The pirates lairs are in the craggy coast of Somalia. They are perfectly poised to capture ships heading through the Gulf of Aden (gateway to the Red Sea), one of the busiest shipping lanes in the world. The first boats they boarded were minor vessels, and nobody really took notice. They would hold the crew hostage, threaten to sink the vessel, and demand a ransom payment. It was easy and cheap and relatively risk-free to just pay them off, and that’s what happened. Again and again. Each time there was a payoff, however, the pirates were enriched and emboldened. It proved that piracy was easy money. And they amassed the resources to outfit themselves, improve their weapons, and swell their numbers. After a few years, piracy has become a full-fledged economic juggernaut; Somali pirates have made over $150 million in the past year.

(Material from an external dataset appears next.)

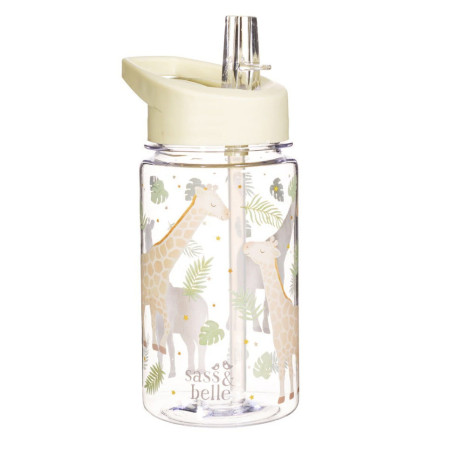 Sass & Belle Πλαστικό Παγούρι με Καλαμάκι Gigi Giraffe Μπεζ  400ml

At this point the pirates have developed an extremely sophisticated enterprise. They have “mother ships” which can bring them out into the high seas, far from the coast. The mother ships carry many smaller zodiac-type boats, full of men with guns and rocket launchers. The smaller boats swarm their prey, eventually boarding by force, and taking control of the ships and their crew. Delicate ransom negotiations ensue. Eventually there is a big payday, the crew and ship are released, and everyone goes their merry way.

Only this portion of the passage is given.